● Required work
Leaving out the pictures, return word for word the stretch of entries below from the line holding "G?rtel Reflective Belt" through the line holding "Bison Leather Card".

● Source material

####

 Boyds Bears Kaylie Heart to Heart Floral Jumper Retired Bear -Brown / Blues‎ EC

####

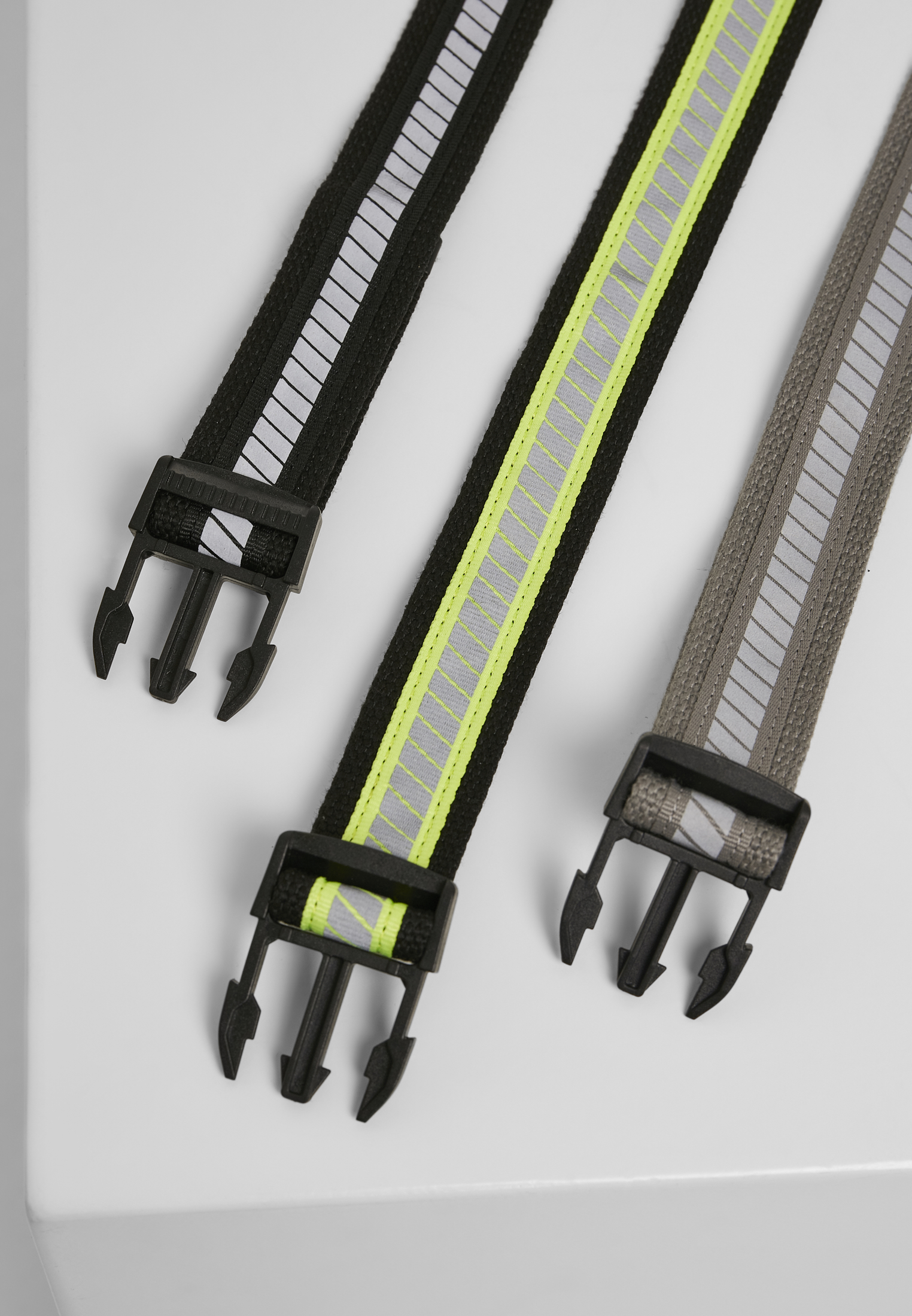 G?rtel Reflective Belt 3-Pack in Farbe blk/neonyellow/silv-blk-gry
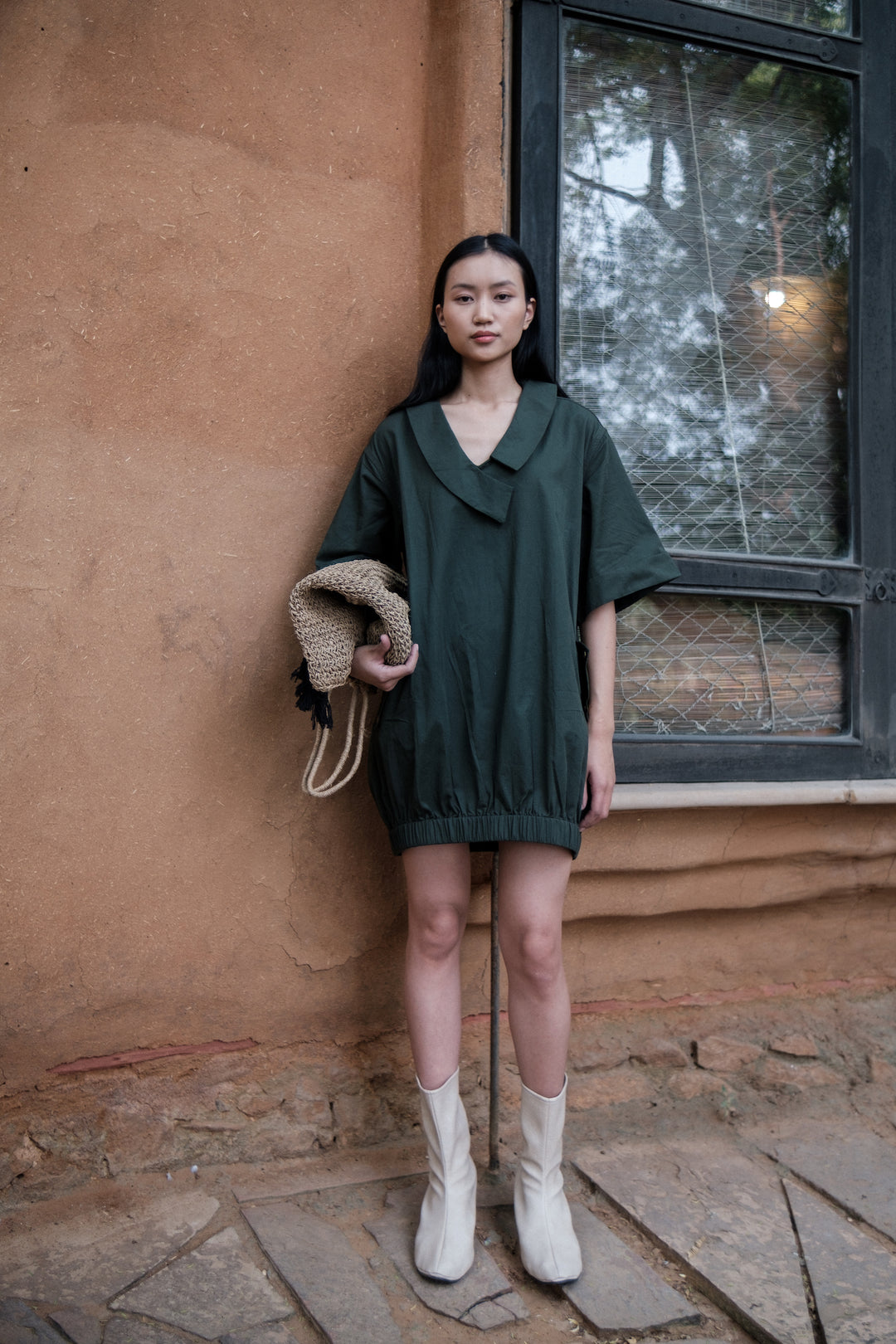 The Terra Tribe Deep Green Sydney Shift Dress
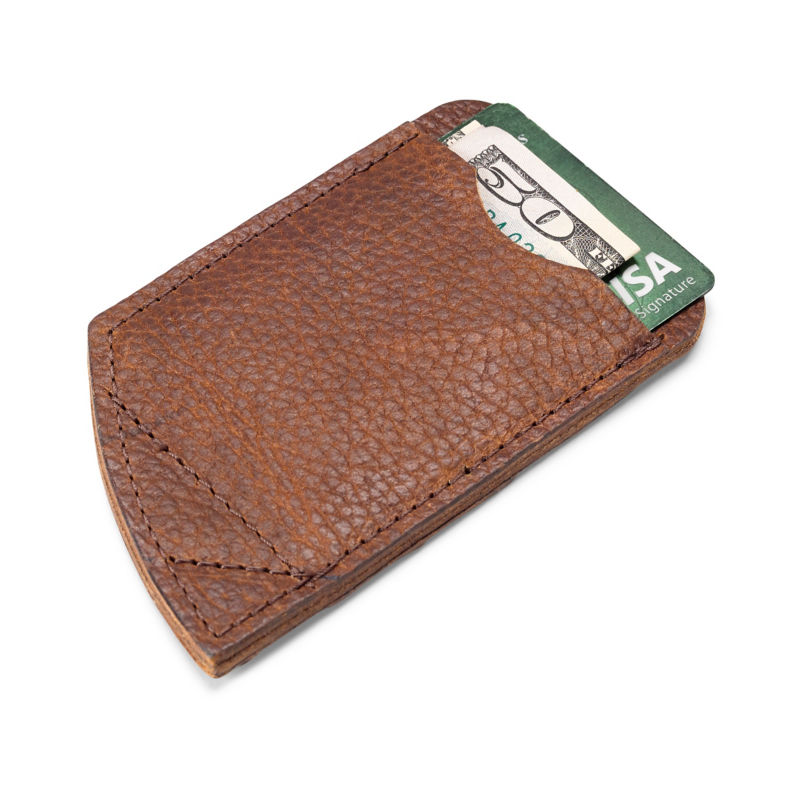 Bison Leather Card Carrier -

####

● Exercise response
 G?rtel Reflective Belt 3-Pack in Farbe blk/neonyellow/silv-blk-gry
 The Terra Tribe Deep Green Sydney Shift Dress
 Bison Leather Card Carrier -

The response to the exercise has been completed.